- **TASK TO CARRY OUT**
No pictures should appear in the copy. Reproduce exactly the lines from the one containing "Two weeks ago" through the end of the material below.

── DATA BELOW ──

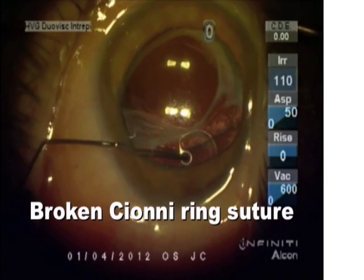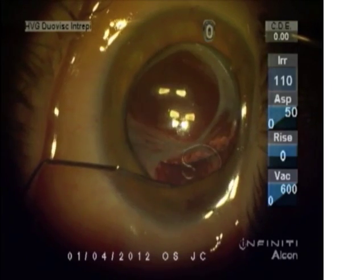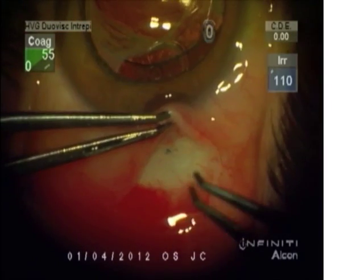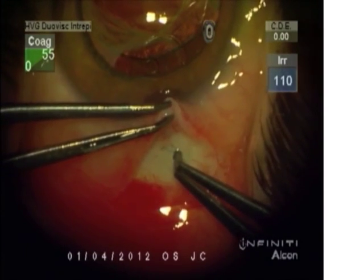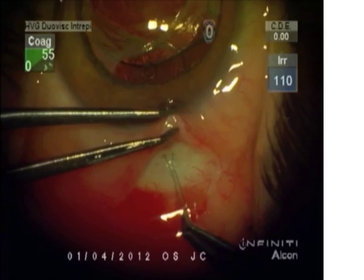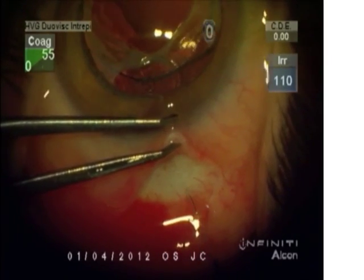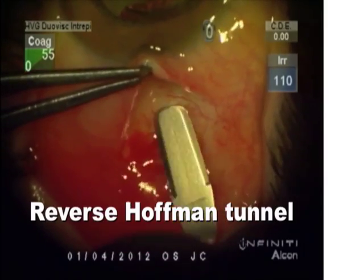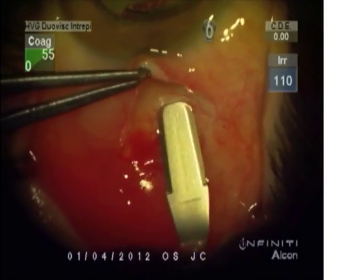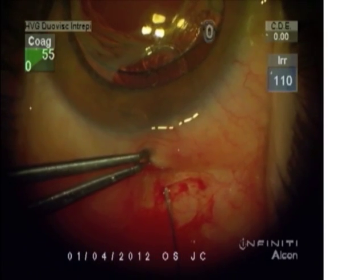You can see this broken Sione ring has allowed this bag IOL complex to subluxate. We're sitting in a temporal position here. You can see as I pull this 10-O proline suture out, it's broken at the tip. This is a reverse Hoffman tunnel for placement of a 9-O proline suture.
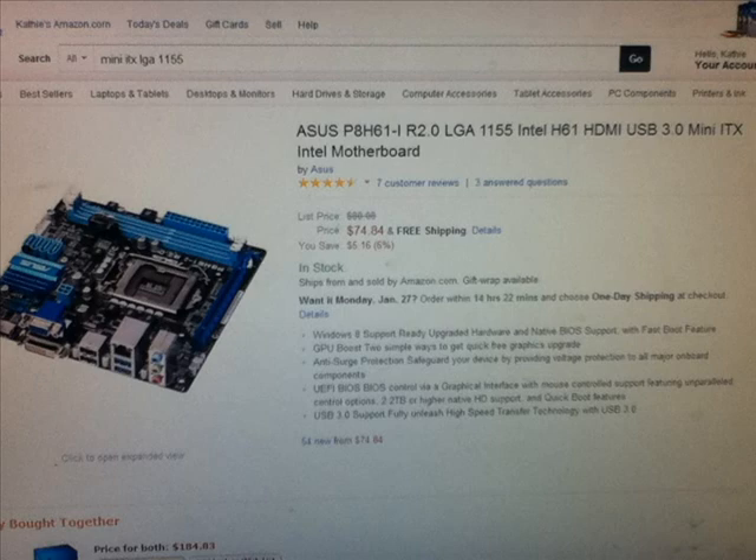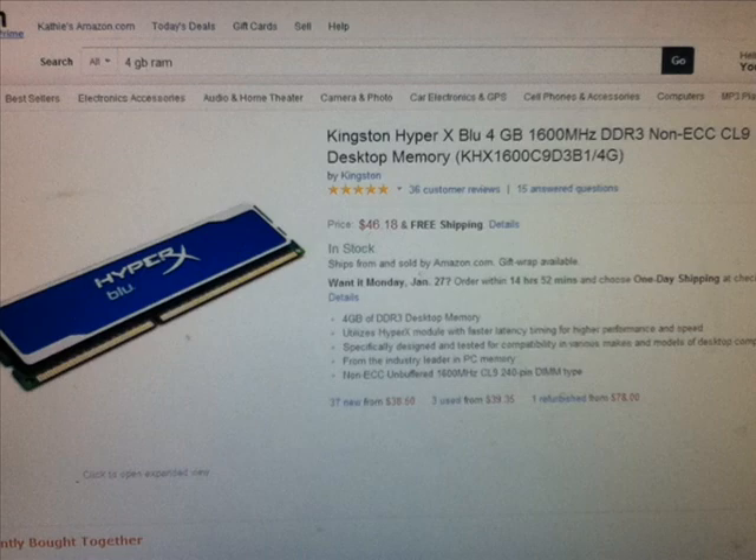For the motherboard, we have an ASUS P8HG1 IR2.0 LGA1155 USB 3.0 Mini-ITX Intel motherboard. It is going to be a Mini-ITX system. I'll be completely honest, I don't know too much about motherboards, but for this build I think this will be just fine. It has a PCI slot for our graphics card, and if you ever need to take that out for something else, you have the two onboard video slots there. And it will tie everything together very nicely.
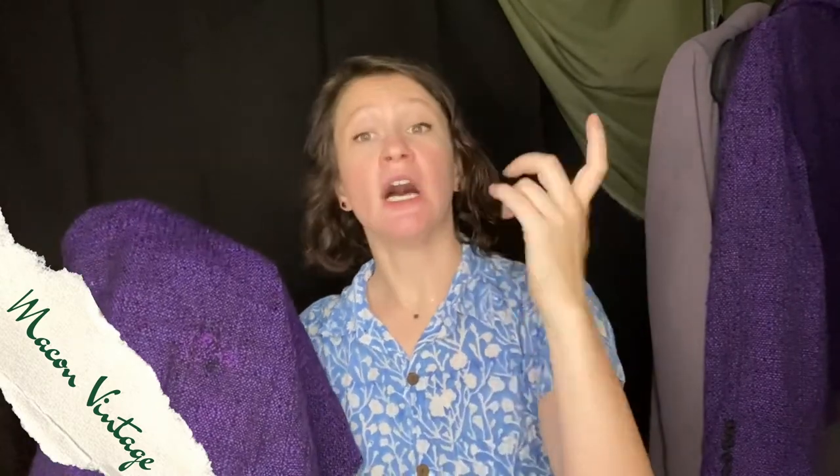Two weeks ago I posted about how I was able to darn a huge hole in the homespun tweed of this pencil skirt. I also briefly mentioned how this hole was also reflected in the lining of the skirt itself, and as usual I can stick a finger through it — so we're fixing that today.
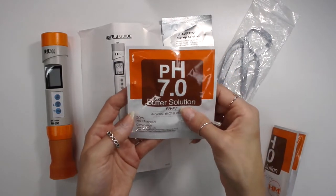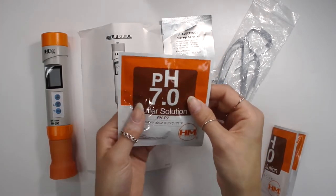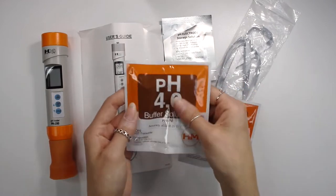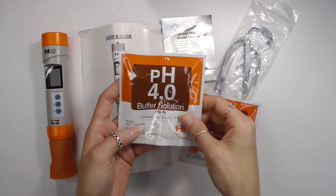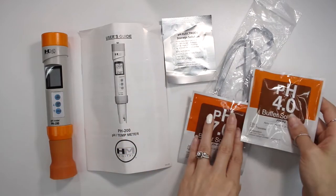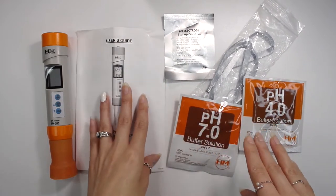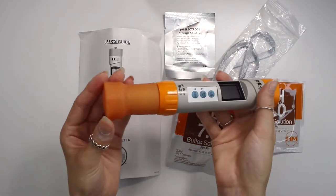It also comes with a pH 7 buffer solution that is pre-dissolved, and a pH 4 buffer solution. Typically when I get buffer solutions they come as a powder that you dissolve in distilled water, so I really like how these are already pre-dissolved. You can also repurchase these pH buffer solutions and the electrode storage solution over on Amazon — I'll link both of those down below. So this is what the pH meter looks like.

───

- **EXERCISE RESPONSE**
Two weeks ago I posted about how I was able to darn a huge hole in the homespun tweed of this pencil skirt. I also briefly mentioned how this hole was also reflected in the lining of the skirt itself, and as usual I can stick a finger through it — so we're fixing that today.
It also comes with a pH 7 buffer solution that is pre-dissolved, and a pH 4 buffer solution. Typically when I get buffer solutions they come as a powder that you dissolve in distilled water, so I really like how these are already pre-dissolved. You can also repurchase these pH buffer solutions and the electrode storage solution over on Amazon — I'll link both of those down below. So this is what the pH meter looks like.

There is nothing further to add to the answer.